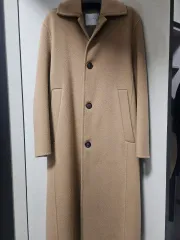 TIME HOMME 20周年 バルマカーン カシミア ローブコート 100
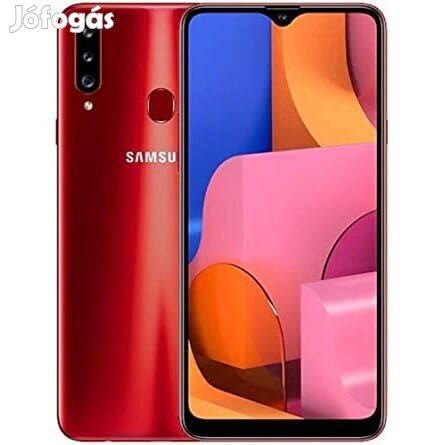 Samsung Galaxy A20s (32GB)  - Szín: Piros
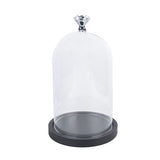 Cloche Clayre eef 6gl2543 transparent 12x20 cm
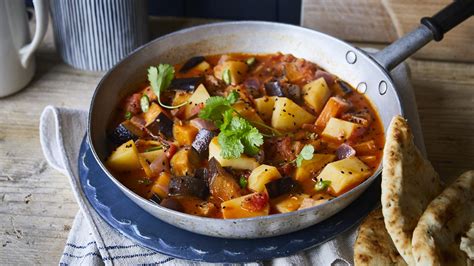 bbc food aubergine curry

TASK PROMPT:
In this exercise, set down all of the data exactly, without the pictures.

ANSWER FOR THE TASK:
 TIME HOMME 20周年 バルマカーン カシミア ローブコート 100
 Samsung Galaxy A20s (32GB)  - Szín: Piros
 Cloche Clayre eef 6gl2543 transparent 12x20 cm
 bbc food aubergine curry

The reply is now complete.